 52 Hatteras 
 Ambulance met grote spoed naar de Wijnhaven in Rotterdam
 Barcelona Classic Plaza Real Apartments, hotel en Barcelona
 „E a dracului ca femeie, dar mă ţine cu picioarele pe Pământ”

----------------------------------------

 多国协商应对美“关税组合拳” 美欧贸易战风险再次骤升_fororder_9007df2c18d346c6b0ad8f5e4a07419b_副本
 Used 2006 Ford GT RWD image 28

----------------------------------------

▶ [PROMPT]: Start with the line above that contains "Barcelona Classic Plaza" and end with the line that contains "a dracului ca". Write out those lines exactly, and only those.

▶ [ANSWER TO THIS PROBLEM]:
 Barcelona Classic Plaza Real Apartments, hotel en Barcelona
 „E a dracului ca femeie, dar mă ţine cu picioarele pe Pământ”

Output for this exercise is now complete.